- Records from a data collection:
★ ★ ★ ★ ★ ★ ★
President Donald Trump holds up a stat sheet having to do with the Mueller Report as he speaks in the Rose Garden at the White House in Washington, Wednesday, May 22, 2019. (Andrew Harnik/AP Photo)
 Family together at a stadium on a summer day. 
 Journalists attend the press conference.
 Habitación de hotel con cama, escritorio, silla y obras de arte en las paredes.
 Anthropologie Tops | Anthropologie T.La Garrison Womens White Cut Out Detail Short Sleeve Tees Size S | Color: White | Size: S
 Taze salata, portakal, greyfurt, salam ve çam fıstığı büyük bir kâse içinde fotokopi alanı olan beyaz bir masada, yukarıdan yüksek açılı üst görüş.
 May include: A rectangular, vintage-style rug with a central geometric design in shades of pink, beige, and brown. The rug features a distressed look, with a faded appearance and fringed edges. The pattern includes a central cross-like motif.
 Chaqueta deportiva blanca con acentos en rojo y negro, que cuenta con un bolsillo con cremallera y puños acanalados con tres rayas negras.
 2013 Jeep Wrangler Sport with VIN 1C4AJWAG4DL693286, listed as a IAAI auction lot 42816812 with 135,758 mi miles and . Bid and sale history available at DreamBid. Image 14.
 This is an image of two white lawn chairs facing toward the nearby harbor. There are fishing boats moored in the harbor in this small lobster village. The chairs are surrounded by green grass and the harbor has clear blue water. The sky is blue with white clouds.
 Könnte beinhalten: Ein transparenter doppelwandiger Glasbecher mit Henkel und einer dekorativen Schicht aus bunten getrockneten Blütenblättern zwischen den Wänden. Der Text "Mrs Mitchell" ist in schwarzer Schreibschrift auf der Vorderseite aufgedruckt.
★ ★ ★ ★ ★ ★ ★
- The problem:
Produce only the lines from the line containing "Family together at" through the line containing "Taze salata, portakal, greyfurt, salam", inclusive of both, exactly as they stand in the entries above.

- Reply to the exercise:
 Family together at a stadium on a summer day. 
 Journalists attend the press conference.
 Habitación de hotel con cama, escritorio, silla y obras de arte en las paredes.
 Anthropologie Tops | Anthropologie T.La Garrison Womens White Cut Out Detail Short Sleeve Tees Size S | Color: White | Size: S
 Taze salata, portakal, greyfurt, salam ve çam fıstığı büyük bir kâse içinde fotokopi alanı olan beyaz bir masada, yukarıdan yüksek açılı üst görüş.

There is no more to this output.